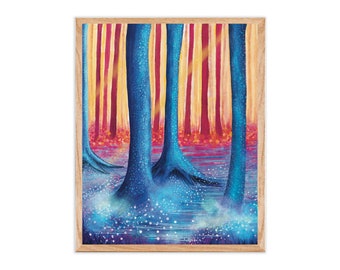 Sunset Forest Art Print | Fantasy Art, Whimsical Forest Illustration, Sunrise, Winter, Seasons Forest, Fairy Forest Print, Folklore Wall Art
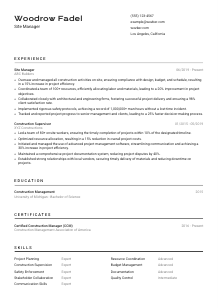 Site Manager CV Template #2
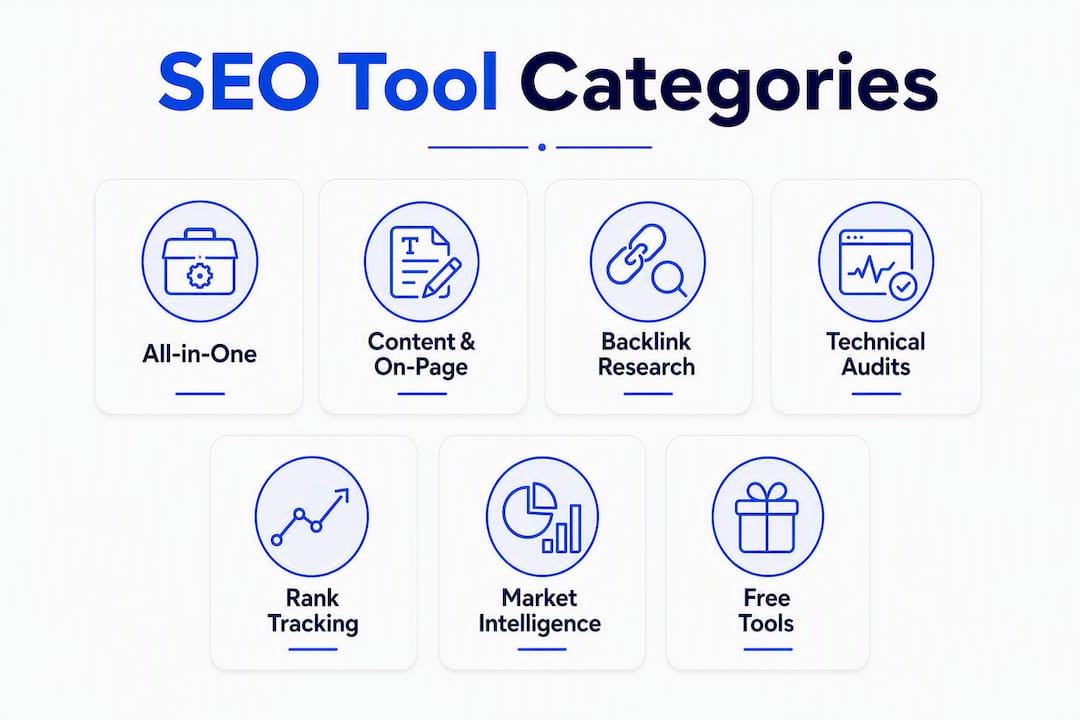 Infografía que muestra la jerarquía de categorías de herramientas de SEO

══════════════════════════════

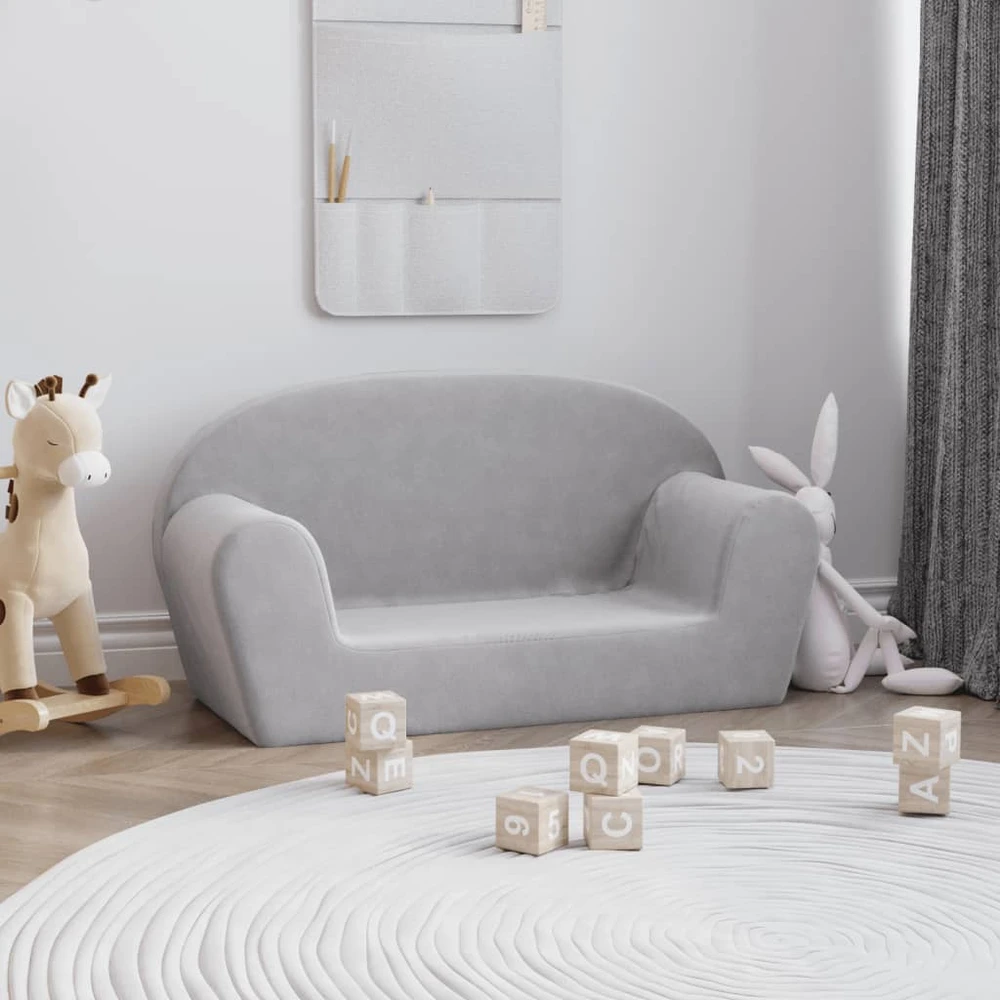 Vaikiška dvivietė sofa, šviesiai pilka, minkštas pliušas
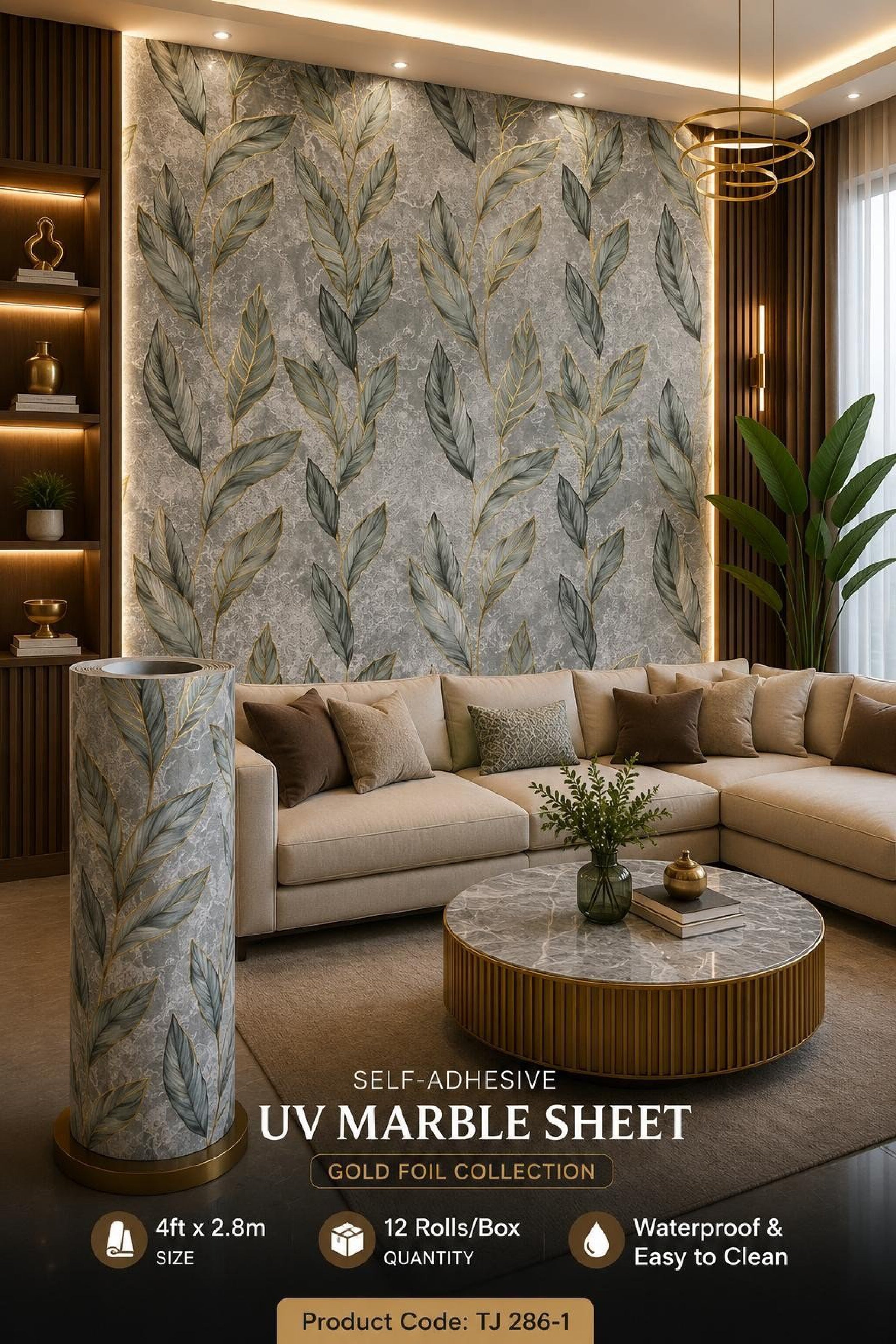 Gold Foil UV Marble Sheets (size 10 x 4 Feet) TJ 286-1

══════════════════════════════

### Your objective:
Copy word for word only the lines above from the one with "Site Manager CV Template #2" through the one with "Infografía que muestra". Leave pictures out.

### Response to this exercise:
 Site Manager CV Template #2
 Infografía que muestra la jerarquía de categorías de herramientas de SEO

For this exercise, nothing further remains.